Mesmo nas duas vezes em que me afastei de uma palestra porque o tema era demasiado místico para mim, ouvi com atenção e tentei perceber porque rejeitava aquelas palavras. Em ambas as vezes, decidi que o meu tempo era mais bem empregue a nadar no lago, mas aquilo fez-me pensar: sobre a minha arrogância em relação a ideias que me são estranhas, as ideias mais marginais; sobre como essas ideias podem ser vistas como simbólicas; sobre o que perco por causa da minha disposição mais terra-a-terra (a mesma disposição que é considerada espiritual e idealista quando estou com a outra tribo em casa).
Procurei alegria e encontrei-a ao longo da semana. As gargalhadas e os mimos da filha do meu amigo, as conversas profundas, a água, a beleza para onde quer que olhasse, os lugares de silêncio, o movimento do meu corpo quando fechava os olhos e dançava, o sentimento de pertença enquanto cantava, o prazer de conhecer pessoas diferentes, com vidas tão diversas.
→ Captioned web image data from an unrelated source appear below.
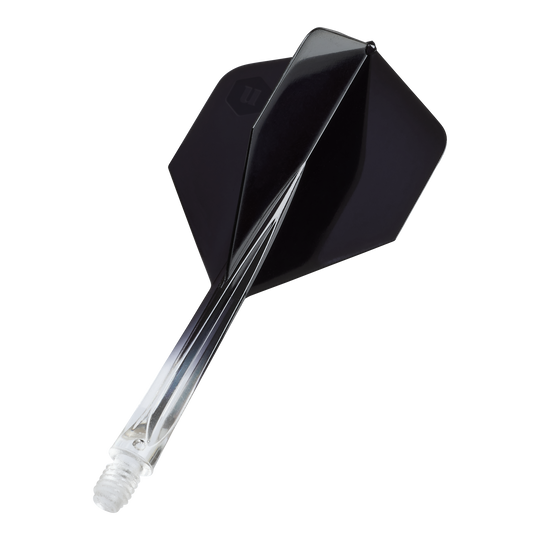 Unicorn Forge Two Tone No2 Standard Flights - Clear Black Das Bild zeigt die Unicorn Forge Two Tone No2 Standard Flights in Schwarz. Es handelt sich um Flights für Dartpfeile mit klarem und schwarzem Design.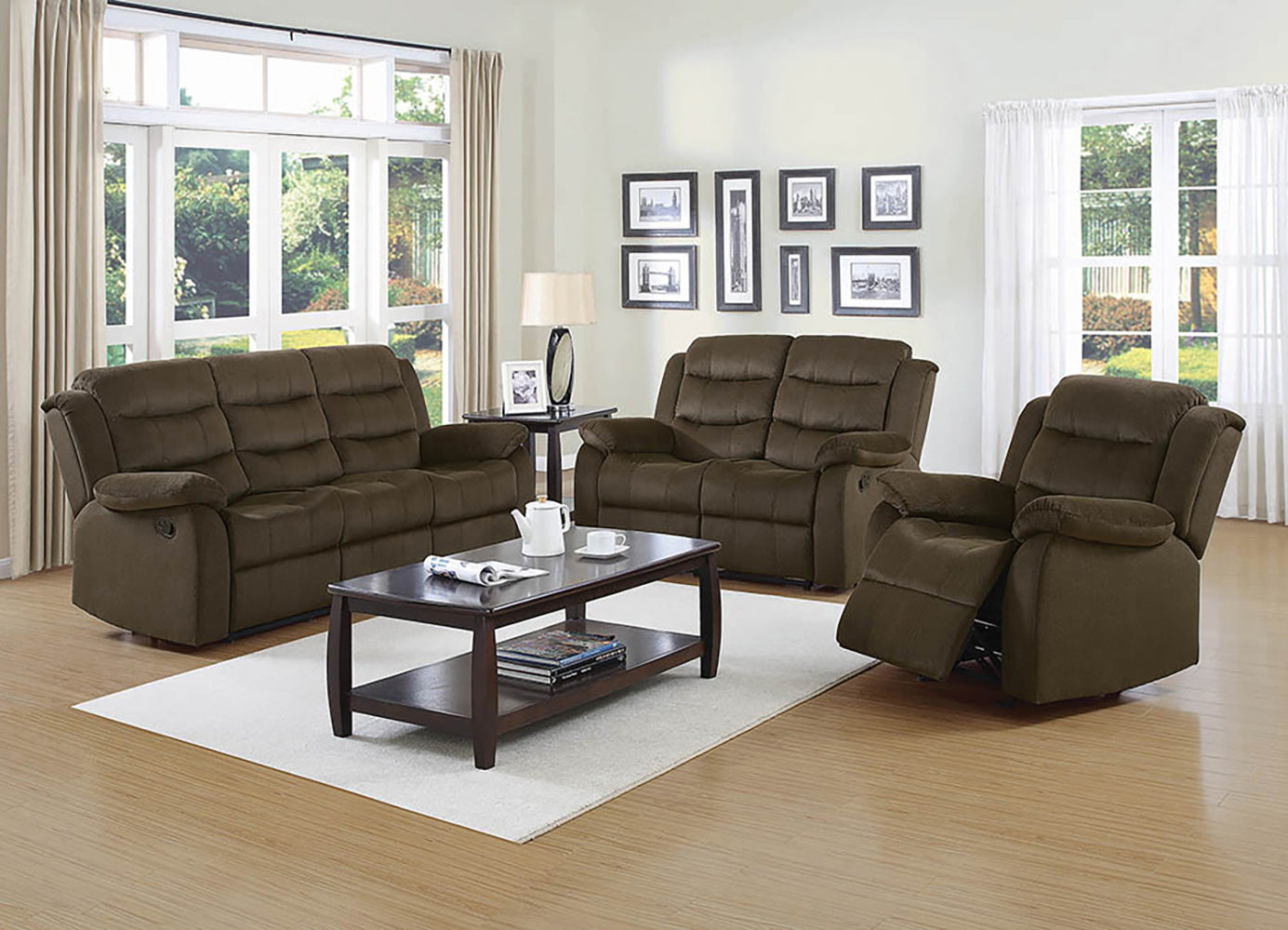 Rodman Upholstered Padded Arm Reclining Sofa Olive Brown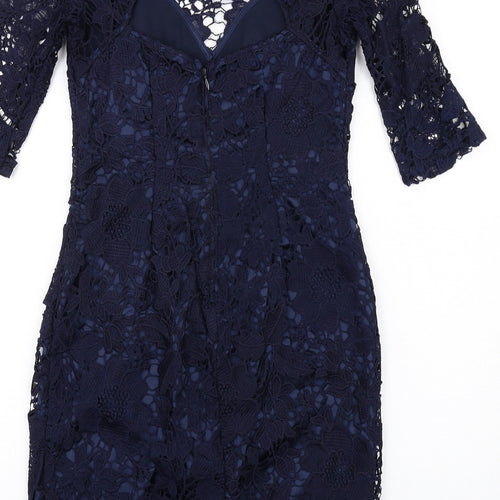 Lipsy Womens Blue Polyester Pencil Dress Size 8 Round Neck Zip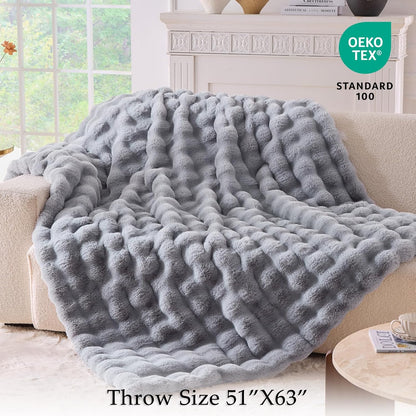 BENVWE Fluffy Faux Fur Throw Blanket for Couch, Soft Plush Thick Cozy Fuzzy Luxury Minky Bubble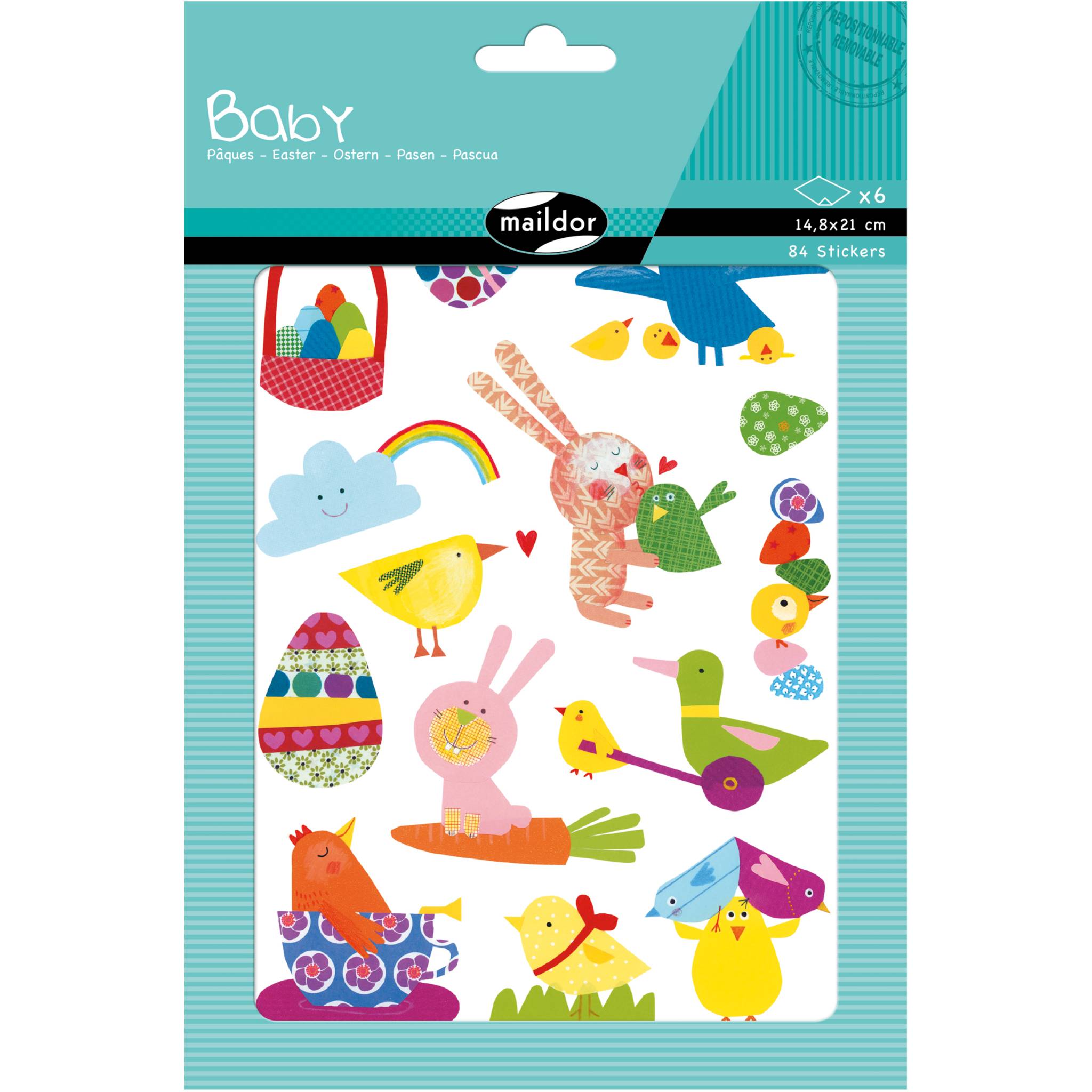 Maildor 10x Baby, 6 Stickerbogen 14,8x21cm, Ostern - Mehrfarbig AE033O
E alguns desses momentos posso partilhá-los convosco: tinha a minha máquina fotográfica com o único objetivo de tirar um dia para falar com pessoas e tirar-lhes uma fotografia. Fiz isto em 2017, a primeira vez que fui ao Being; foi tão bom que decidi voltar a fazê-lo, desta vez mais intencionalmente, e foi um dos pontos altos da semana. Há algo de significativo quando falamos com um estranho e deixamos que ele veja a nossa vulnerabilidade. É como dizer, quando somos crianças, queres brincar comigo? E eles quiseram!